Convergence properties of the Maximum principle

Part of Jérémy Rouot's PhD [2] was devoted to convergence properties in the Hamiltonian system resulting from Pontryagin's Maximum principle when the small parameter representing the ratio between slow and fast velocities tends to zero. The difference with previous work is that we give a clear method to sort fast and slow variables in the adjoint variables, and we provide convergence of these under some conditions. A more complete publication is under preparation.

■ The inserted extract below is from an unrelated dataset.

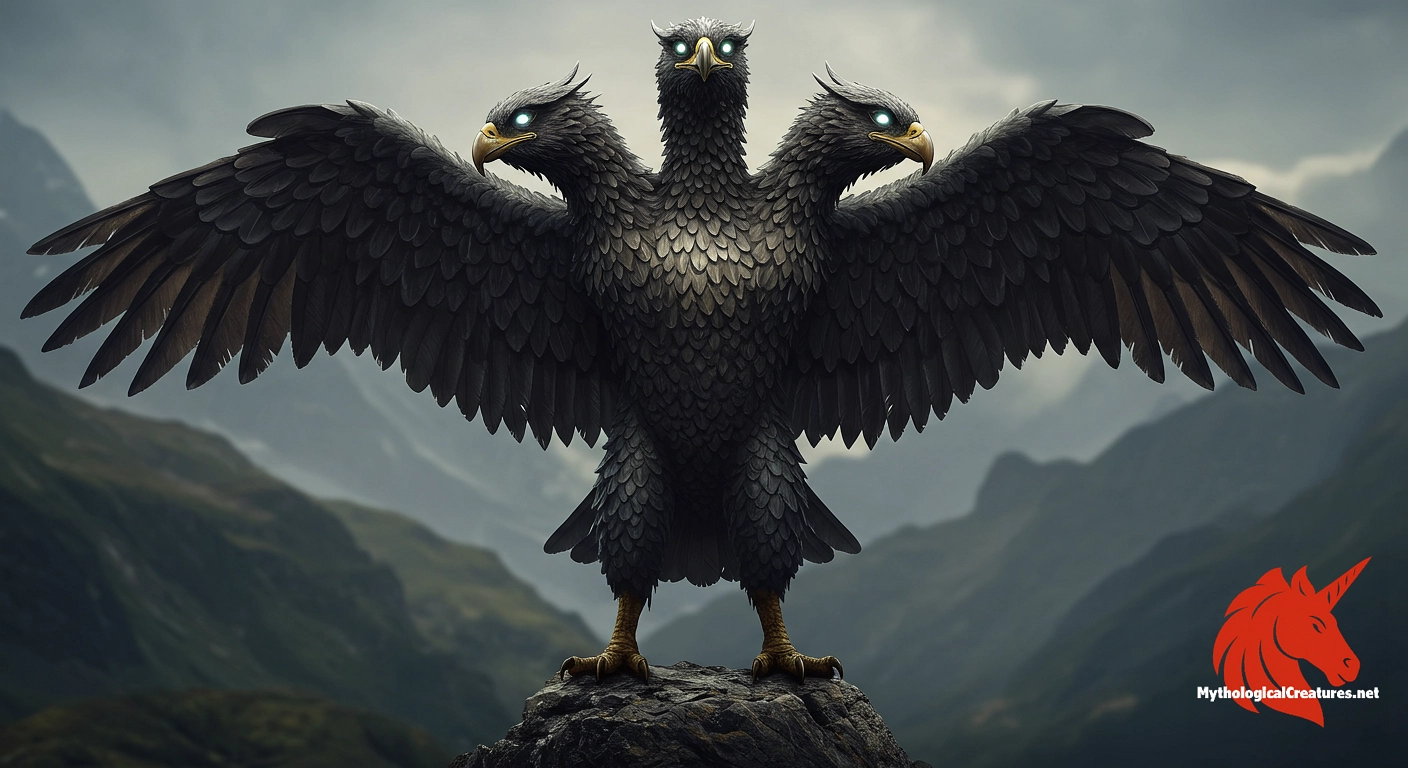 Triple-headed eagle - The creature is significant both as a heraldic symbol and a mythological icon, representing the coalition of distinct cultures and powers.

Approximation by filtering in optimal control and applications

Minimum time control of slow-fast systems is considered. In the case of only one fast angle, averaging techniques are available for such systems. The approach introduced in [54] and [43] is recalled, then extended to time dependent systems by means of a suitable filtering operator. The process relies upon approximating the dynamics by means of sliding windows. The size of these windows is an additional parameter that provides intermediate approximations between averaging over the whole fast angle period and the original dynamics. The method was applied to problems coming from space mechanics, and is exposed in [31].

Averaging with reconstruction of the fast variable

We have been studying a way to modify the initial condition of the average equation in order to approach better (but in the mean) the slow variable while reconstructing asymptotically the fast variable. This follows an idea that was shown to work numerically in [54].

In [32], we give a construction for Cauchy problems. It is lighter than second order averaging, in that oscillating signals and ODEs are not used, and still provides a second order error in the mean, together with convergence of the fast variable. This remains to be developed for two-point boundary value problems like in optimal control.